É uma oportunidade. Saber se conseguiremos aproveitá-la é outra questão.

Quando ouvimos os líderes políticos na Europa, a lógica parece manter-se.

Exactamente. É por isso que o decrescimento deve ser feito contra os políticos, porque eles não querem compreender. Quando um modelo falha, é preciso sobretudo nada mudar.

Como é que se explica às pessoas que o decrescimento é melhor do que o crescimento?

É fácil. Neste momento, há muita gente no desemprego, os jovens não têm futuro. Esta sociedade traiu as suas promessas: a abundância prometida não é a abundância. Mesmo que consumamos e destruamos enormemente os recursos do planeta, nunca estamos satisfeitos. A lógica do crescimento é criar a ideia de nunca estarmos totalmente na abundância, porque se estivéssemos parávamos de consumir.

Mas se pararmos de consumir de forma repentina, haverá impactos significativos no emprego, por exemplo. É o que está a acontecer nos países que têm programas de austeridade como Portugal.
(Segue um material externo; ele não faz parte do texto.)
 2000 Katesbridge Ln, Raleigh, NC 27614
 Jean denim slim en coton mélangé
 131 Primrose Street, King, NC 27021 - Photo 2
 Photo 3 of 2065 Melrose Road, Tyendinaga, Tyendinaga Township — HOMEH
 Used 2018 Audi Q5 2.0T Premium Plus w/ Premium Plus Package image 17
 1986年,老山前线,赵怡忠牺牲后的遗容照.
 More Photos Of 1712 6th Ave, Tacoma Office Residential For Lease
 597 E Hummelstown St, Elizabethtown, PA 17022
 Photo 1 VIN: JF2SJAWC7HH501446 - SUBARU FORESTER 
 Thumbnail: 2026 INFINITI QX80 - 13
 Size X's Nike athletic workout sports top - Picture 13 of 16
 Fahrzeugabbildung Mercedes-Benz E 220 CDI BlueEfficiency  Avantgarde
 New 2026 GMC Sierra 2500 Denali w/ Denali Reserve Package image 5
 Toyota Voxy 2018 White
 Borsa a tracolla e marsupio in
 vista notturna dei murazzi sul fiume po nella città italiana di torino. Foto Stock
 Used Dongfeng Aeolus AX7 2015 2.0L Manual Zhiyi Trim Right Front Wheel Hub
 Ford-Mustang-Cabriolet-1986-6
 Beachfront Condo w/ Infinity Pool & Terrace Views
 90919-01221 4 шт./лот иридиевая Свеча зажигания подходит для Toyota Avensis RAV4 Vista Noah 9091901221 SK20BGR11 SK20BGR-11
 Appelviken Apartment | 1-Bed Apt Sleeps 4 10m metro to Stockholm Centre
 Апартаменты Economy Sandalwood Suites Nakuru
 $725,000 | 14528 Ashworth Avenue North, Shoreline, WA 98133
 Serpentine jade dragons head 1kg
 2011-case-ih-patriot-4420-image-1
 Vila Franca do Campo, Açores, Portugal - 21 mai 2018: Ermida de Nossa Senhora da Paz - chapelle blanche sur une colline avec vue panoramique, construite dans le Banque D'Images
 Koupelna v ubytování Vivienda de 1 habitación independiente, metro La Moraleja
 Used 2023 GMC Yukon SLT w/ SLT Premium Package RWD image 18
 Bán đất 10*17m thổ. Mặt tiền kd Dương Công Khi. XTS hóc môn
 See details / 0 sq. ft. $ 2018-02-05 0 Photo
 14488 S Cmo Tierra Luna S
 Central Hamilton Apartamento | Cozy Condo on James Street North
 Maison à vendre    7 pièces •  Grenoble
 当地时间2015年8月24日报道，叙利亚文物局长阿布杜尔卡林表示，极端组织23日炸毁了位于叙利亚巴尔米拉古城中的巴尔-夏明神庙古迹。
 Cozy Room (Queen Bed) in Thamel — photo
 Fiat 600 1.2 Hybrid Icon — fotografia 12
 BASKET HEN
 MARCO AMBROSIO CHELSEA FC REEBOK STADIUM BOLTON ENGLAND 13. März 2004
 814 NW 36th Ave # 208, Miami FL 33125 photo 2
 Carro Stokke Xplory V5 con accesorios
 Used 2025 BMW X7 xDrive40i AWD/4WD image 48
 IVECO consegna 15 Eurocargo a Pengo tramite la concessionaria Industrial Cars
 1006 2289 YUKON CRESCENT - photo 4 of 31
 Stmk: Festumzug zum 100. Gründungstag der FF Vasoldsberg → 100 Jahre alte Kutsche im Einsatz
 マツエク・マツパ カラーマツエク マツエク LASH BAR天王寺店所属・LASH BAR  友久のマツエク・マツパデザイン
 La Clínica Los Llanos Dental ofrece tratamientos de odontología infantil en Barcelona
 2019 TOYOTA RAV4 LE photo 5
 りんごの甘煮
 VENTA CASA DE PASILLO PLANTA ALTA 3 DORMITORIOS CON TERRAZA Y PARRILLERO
O consumo, de todas as formas, parou para muitas pessoas, por causa da austeridade. Mas é terrível, porque estamos sempre na lógica de uma sociedade do crescimento, mas sem crescimento. Não é a mesma coisa que uma sociedade de decrescimento que não está organizada para o crescimento. Está organizada para conviver bem, sem consumir demasiado, com base num consumo dentro das nossas necessidades e em que não é preciso trocar de máquina de lavar todos os dois anos, porque está sempre a avariar: temos uma que vai durar toda a vida. Não destruiremos a natureza, produziremos menos e teremos a mesma satisfação. Além disso, não teremos necessidade de trabalhar tanto para atingir o nível de satisfação que a publicidade vende. Porque para produzir os computadores que atiramos para o lixo ao fim de dois anos é preciso trabalhar, trabalhar, cada vez mais.

O decrescimento não está então no pólo oposto do bem-estar?

Pelo contrário. Trata-se de encontrar a felicidade perdida. Os inquéritos mostram que os portugueses, tal como os franceses, não se sentem felizes. Os economistas dizem: "Eles deviam ser felizes porque atingiram um nível de consumo elevado". Há aqui qualquer coisa que não está bem. A economia engana-nos. Promete-nos a felicidade, mas as pessoas não são felizes. É preciso, antes de mais, trabalhar menos. É estúpido trabalhar cada vez mais, para produzir cada vez mais, para desperdiçar cada vez mais. É preciso acabar com este massacre: produzir menos, porque não é necessário produzir cada vez mais, trabalhar menos e se trabalharmos menos as pessoas podem trabalhar todas e ter tempo livre.

O decrescimento também tem aplicação nos países subdesenvolvidos?

O decrescimento é um slogan provocatório para as sociedades de crescimento ocidentais. Para as sociedades ditas subdesenvolvidas há diferenças. África precisa de aumentar a sua produção, não para produzir infinitamente, mas para satisfazer as suas necessidades. A ideia de uma sociedade de abundância frugal é válida para África, Ásia, América Latina e Europa, mas a forma de a alcançar não é a mesma porque o ponto de partida é diferente.

Retomo a questão: como se sai do nosso modelo de sociedade?

Estamos a sair da sociedade de consumo à força. A questão é: estamos a sair para irmos para onde? Vai-nos levar, numa primeira etapa, a um gigantesco caos. E desse caos pode sair o melhor - o projecto de uma sociedade de decrescimento, uma sociedade de abundância frugal - ou o pior - uma sociedade ecofascista, ecototalitária, que está, de certa forma, em marcha um pouco por todo o mundo.

Sente-se um profeta?

De modo nenhum. Sou um homem normal. Fico sobretudo surpreendido que nem todos pensem como eu, porque me parece que tenho bom senso.